Roma – 3 luglio 2012 – Arranca alla Camera la riforma della legge sulla cittadinanza per le seconde generazioni. Chi sperava di vederla in Aula in questi giorni, secondo il calendario voluto dal Partito Democratico, non ha fatto i conti con le sabbie mobili del confronto in Commissione affari costituzionali.
La Commissione sta esaminando quattro proposte sulla “cittadinanza dei minori nati da genitori stranieri”, presentate da Gianclaudio Bressa (Pd), Souad Sbai (Pdl), Pierluigi Mantini (Udc) e Aldo Di Biagio (Fli). Finora, però, i deputati non hanno iniziato nemmeno a parlare di “come” cambiare le regole per diventare italiani, perché Popolo delle Libertà e Lega Nord mettono ancora in dubbio “se” sia il caso di cambiarle, come dimostrano i resoconti delle riunioni.
Quando il 18 giugno è iniziata la discussione, la deputata del Pdl Isabella Bertolini ha esordito dicendo di ritenere “a titolo personale” che il tema “necessiterebbe comunque un esame più esteso della materia”. Secondo lei non si può parlare della cittadinanza dei minori senza considerare anche quella degli adulti, e così Bertolini sembra dimenticare che proprio quest’accoppiata ha fatto finora arenare ogni tentativo di riforma.
Il suo collega di partito Giuseppe Calderisi, nella stessa seduta, ha sottolineato che “è emerso con chiarezza, come vi siano tra i gruppi politici posizioni molto distanti”, aggiungendo che sarebbe quindi più opportuno affrontare questo tema “nella prossima legislatura”, quando le urne potrebbero infatti mandare al governo “una maggioranza diversa, che potrà portare in porto la riforma in discussione”. Messa così, se ne riparlerebbe nel 2013, ma gli aspiranti italiani dovrebbero sperare che le prossime elezioni non premino di nuovo Lega Nord e Pdl.
E il Carroccio? Naturalmente, fa melina. Matteo Bragantini ha premesso che “la normativa vigente disciplina già in modo adeguato la materia”. Poi ha chiesto al governo di quantificare il numero di stranieri che, a causa della crisi o “dei recenti eventi calamitosi” stanno facendo rientrare i familiari in patria. Non vorrebbe, infatti, che “per risolvere un problema se ne creassero altri: qualora tali soggetti avessero la cittadinanza italiana il rimpatrio sarebbe molto più complesso..”

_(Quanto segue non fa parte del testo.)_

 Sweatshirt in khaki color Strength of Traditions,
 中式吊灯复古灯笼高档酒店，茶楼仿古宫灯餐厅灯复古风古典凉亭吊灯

La richiesta di Bragantini, che sembra la più classica delle perdite di tempo, ha messo ovviamente in difficoltà il governo, perché è impossibile tracciare i rimpatri volontari. Il 19 giugno il sottosegretario all’interno Saverio Ruperto ha provato a spiegarlo alla Commissione, dicendo che “è difficile raccogliere i dati e compiere una catalogazione che si fondi su atteggiamenti psicologici”, ma di fronte alle insistenze della Lega ha promesso “una ulteriore istruttoria per cercare di venire incontro alla richiesta formulata”.
E poi? E poi basta. Perchè nonostante la buona volontà di Partito Democratico,Terzo Polo e Idv, la discussione è ferma. Tra un rinvio e l’altro, ancora non si parla delle proposte, la cittadinanza dei minori sarà di nuovo all’ordine del giorno in commissione giovedì prossimo, ma visto l’andazzo è difficile sperare in colpi di scena. Perlomeno finchè non si riuscirà a portare il confronto in Aula, dove la posizione del Popolo delle Libertà potrebbe arricchirsi di nuove voci.
Intanto, chi ha bisogno di un’ulteriore doccia fredda dia un’occhiata al calendario dei lavori di luglio dell’assemblea di Montecitorio, definito la scorsa settimana dalla conferenza dei capigruppo. Del diritto delle seconde generazioni di essere finalmente italiane anche per legge proprio non si parla.